Jehan says that now he is in a position of influence, he’s prepared to bring his Sri Lankan identity to the places he gets to visit, and hopes that everyone in Aotearoa is given respect ‘not because of their ability to assimilate’.

He was born here to new immigrants who had fled Sri Lanka, and I think there is a slight difference to those of us who came as children. Chief among this, at least for me, was my resistance to assimilation. Sure I enjoyed some of the same things other kids my age did: the Kentucky Fried Chicken rugby book, episodes of CHiPs, and playing tag, but because of various circumstances, as well as parents who calmly explained to me the importance of retaining spoken Cantonese at home, I constantly wore my Chineseness. I hadn’t chosen to leave my birthplace—this was the decision of my parents—so I hung on to whatever I could that connected me back to it.

I could contrast this to other Chinese New Zealanders I went to school with, many of whom had lost their native language because their parents had encouraged assimilation to get ahead. I can’t fault them—many of them are my dearest friends—but I was exposed to what Jehan wrote about from a young age.

It saddened me a lot because here were people who looked like me who I couldn’t speak to in my mother tongue, and the only other student of Chinese extraction in my primary class who did speak her native language spoke Mandarin—which to many of my generation, certainly to those who did so little schooling before we left, find unintelligible.

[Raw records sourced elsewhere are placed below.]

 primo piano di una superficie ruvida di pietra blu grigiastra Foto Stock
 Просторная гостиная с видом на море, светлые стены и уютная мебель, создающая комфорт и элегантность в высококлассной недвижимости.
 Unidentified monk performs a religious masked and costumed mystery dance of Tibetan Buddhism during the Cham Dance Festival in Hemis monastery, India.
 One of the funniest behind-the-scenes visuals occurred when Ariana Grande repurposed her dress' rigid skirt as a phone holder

At St Mark’s, I had no issue. This was a school that celebrated differences, and scholastic achievement. (I am happy to say that sports and cultural activity are very much on the cards these days, too.) But after that, at one college, I observed what Jehan said: the Chinese New Zealanders who didn’t rock the boat were safe buddies to have; those who were tall poppies were the target of the weak-minded, the future failures of our society. You just have to rise above it, and, if anything, it made me double-down on my character—so much so that when I was awarded a half-scholarship to Scots, I found myself in familiar surroundings again, where differences were championed.

But you do indeed have to play the game. Want your company recognized? Then get yourself into the media. Issue releases just like the firms that were sending them to you as a member of the media. Don’t bring your Chineseness into that, because you won’t get coverage. Jack Yan & Associates, and Lucire for that matter, always had a very occidental outlook, with my work taking me mostly to the US and Europe, with India only coming in at the end of the 2000s—but then we were bound by the lingua franca of the old colonial power.

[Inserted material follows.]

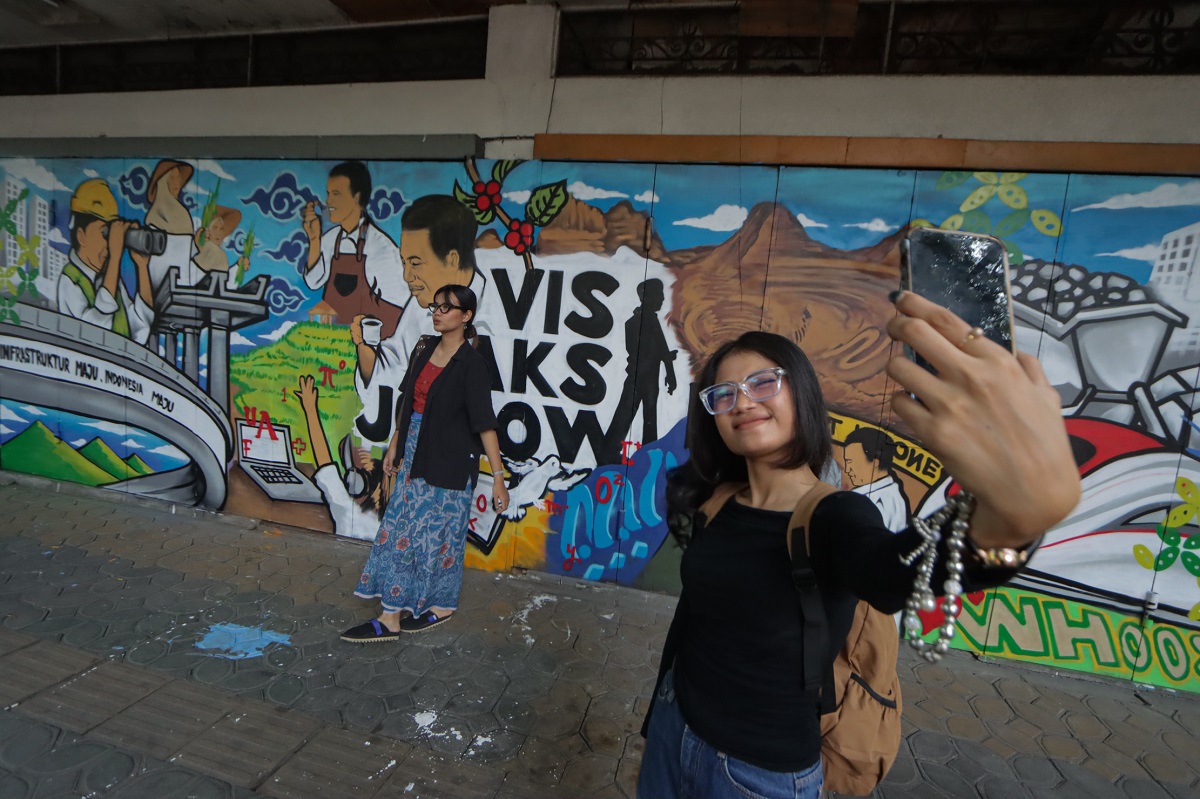 Remaja berpose di depan mural di Jalan Slamet Riyadi. Tempat ini dilintasi BST Koridor 1.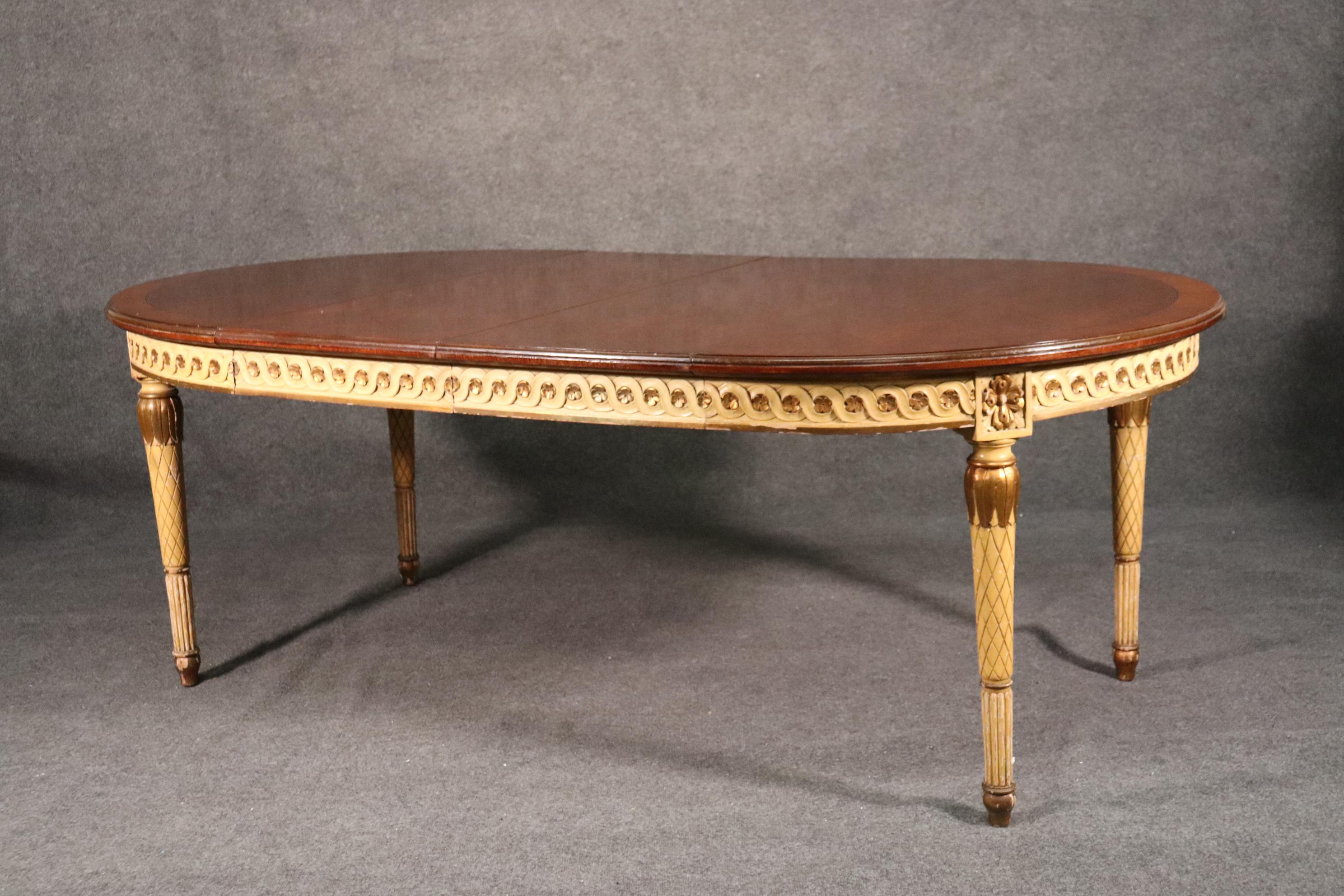 This gorgeous dining table has some beautiful characteristics and a delightful presentation. The top is parquet walnut and the carved frame of the table is in a crème painted finish with gold leaf gilding. The table is 48 x 48 x 30 inches tall and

Despite my insistence on my own reo at home, and chatting every day to my Dad, I played the game that Jehan did when it came to work. I didn’t as much when I ran for mayor, admittedly—I didn’t want voters to get a single-sided politician, but one who was his authentic self—but that also might explain why Stuff’s predecessor, which was at that stage owned by a foreign company, gave me next to no coverage the first time out. They weren’t prepared to back someone who didn’t fit their reader profile. The second time out, it still remained shockingly biased. Ironically the same publishing group would give me reasonably good coverage in Australia when I wasn’t doing politics. That’s the price to pay for authenticity sometimes.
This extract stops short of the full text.